The President of the African Development Bank (AfDB), Dr. Akinwunmi Adesina, has faulted the World Bank President, David Malpass, on his recent comments on Africa’s debt profile.
In a statement yesterday, Adesina said the World Bank President’s statement is: “Inaccurate and not fact based.”
The statement reads: “In several news reports, World Bank President, David Malpass, was recently quoted as saying some Multilateral Development Banks, including the African Development Bank, have a tendency to lend too quickly and in the process, add to the continent’s debt problems.
“This statement is inaccurate and not fact based. It impugns the integrity of the African Development Bank, undermines our governance systems, and incorrectly insinuates that we operate under different standards from the World Bank. The very notion goes against the spirit of multilateralism and our collaborative work.”
Stressing that the AfDB, “maintains a very high global standard of transparency,” Adesina noted that the “2018 Publish What You Fund report” ranked the Bank, the 4th most transparent institution, globally.
In rebutting the World Bank President’s claims, Adesina pointed out that the Bretton Woods institution has larger operations on the continent than the AfDB.
Specifically, he stated: “The World Bank, with a more substantial balance sheet, has significantly larger operations in Africa than the African Development Bank. The World Bank’s operations approved for Africa in the 2018 fiscal year amounted to US $20.2 billion, compared to US $10.1 billion by the African Development Bank.
“With regard to Nigeria and South Africa, the World Bank’s outstanding loans for the 2018 fiscal year to both countries stood at US $8.3 billion and US $2.4 billion, respectively. In contrast, the outstanding amounts for the African Development Bank Group to Nigeria and South Africa were US $2.1 billion and US $2.0 billion, respectively, for the same fiscal year.”
Commenting on heavily indebted countries on the continent, Adesina said the AfDB recognizes and closely monitors the rising debt profile , adding that: there is no systemic risk of debt distress.”
He said: “According to the 2020 African Economic Outlook, at the end of June 2019, total public debt in Nigeria amounted to $83.9 billion, 14.6% higher than the year before. That debt represented 20.1% of GDP, up from 17.5% in 2018. Of the total public debt, domestic public debt amounted to $56.7 billion while external public debt was $27.2 billion (representing 32.4% of total public debt). South Africa’s national government debt was estimated at 55.6% of GDP in 2019, up from 52.7% in 2018. South Africa raises most of its funding domestically, with external public debt accounting for only 6.3% of the country’s GDP.”

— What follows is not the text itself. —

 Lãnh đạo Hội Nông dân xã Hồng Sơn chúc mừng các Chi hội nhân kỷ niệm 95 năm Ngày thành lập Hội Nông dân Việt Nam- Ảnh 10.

He further noted that the AfDB coordinates lending activities, especially its public sector policy-based loans, closely with sister International Financial Institutions (notably the World Bank and the IMF).
He pointed out that the AfDB relies on the IMF and World Bank’s Debt Sustainability Analyses (DSA) to determine the composition of its financial assistance to low-income countries and joint institutional approaches for addressing debt vulnerabilities in the African Development Fund (ADF) and International Development Association (IDA) countries.

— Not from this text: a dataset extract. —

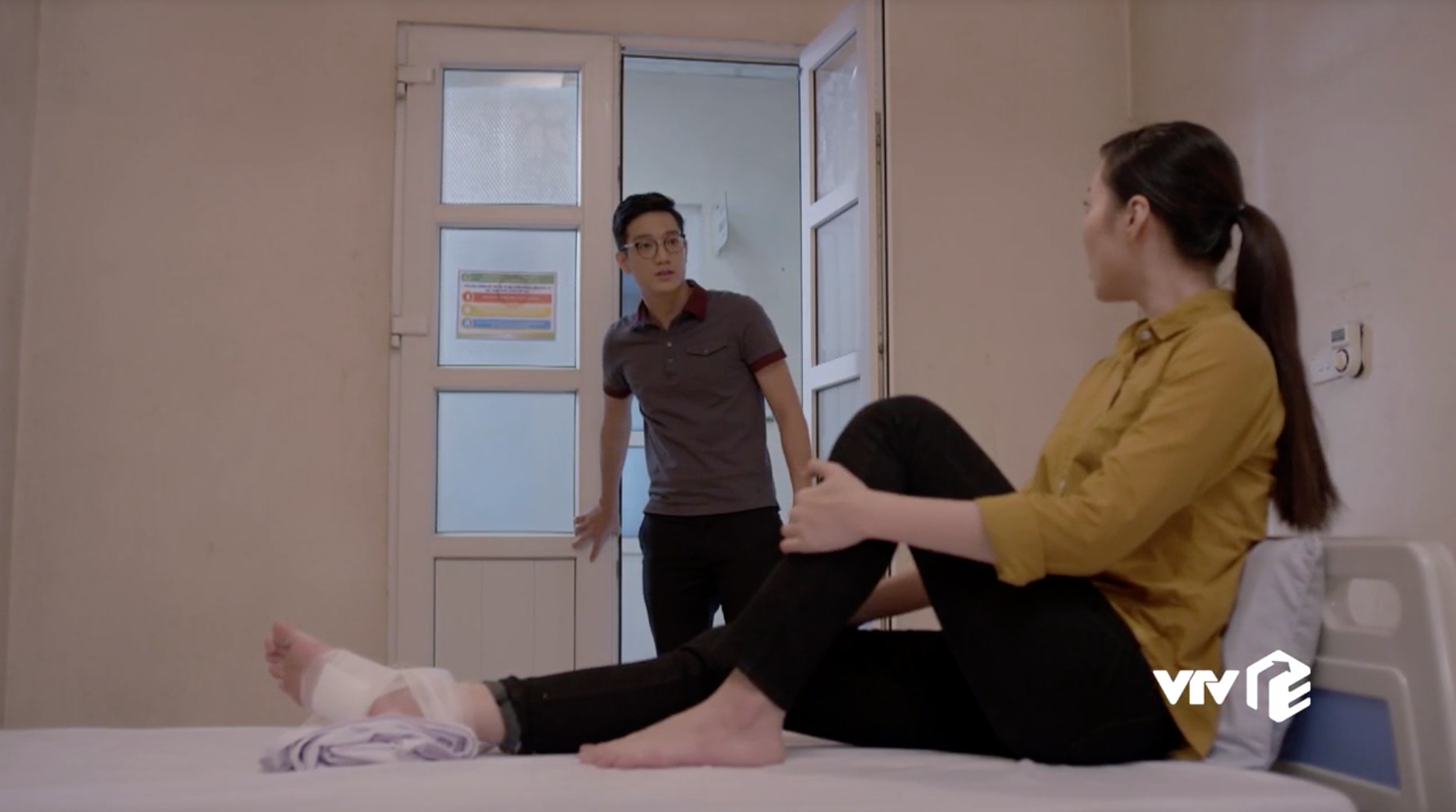 Những cô gái trong thành phố: Con gái Chí Nhân bỏ nhà đi sau khi phát hiện bí mật động trời - Ảnh 9. Những cô gái trong thành phố: Con gái Chí Nhân bỏ nhà đi sau khi phát hiện bí mật động trời - Ảnh 9.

According to him, country economists of the AFDB also fully participate in regional and country level IMF Article 4 missions.

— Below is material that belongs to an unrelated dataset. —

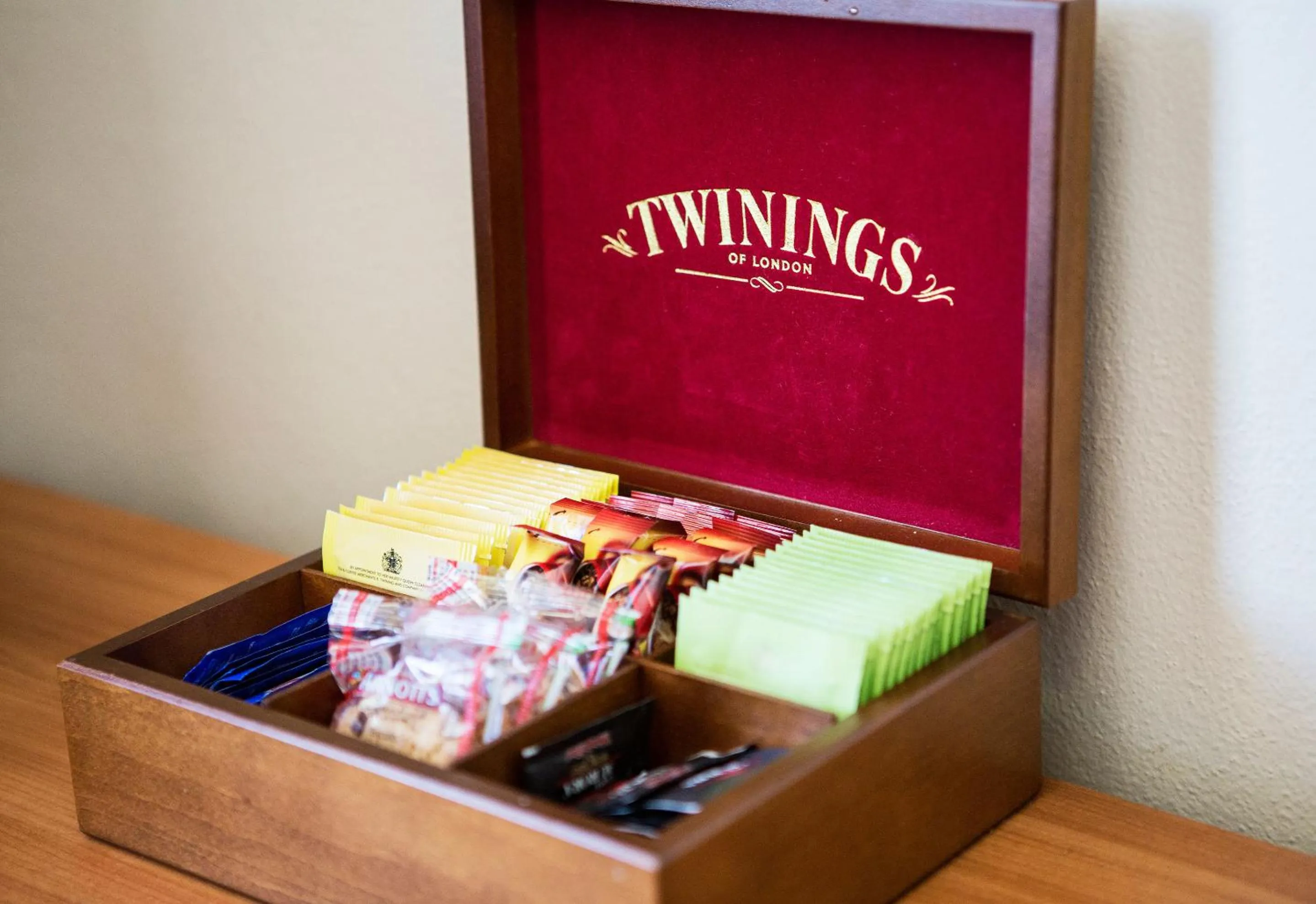 Coffee/tea facilities in Upper Ross Hotel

The AfDB President said: “We are of the view that the World Bank could have explored other available platforms to discuss debt concerns among Multilateral Development Banks. The general statement by the President of the World Bank Group insinuating that the African Development Bank contributes to Africa’s debt problem and that it has lower standards of lending is simply put: misleading and inaccurate.”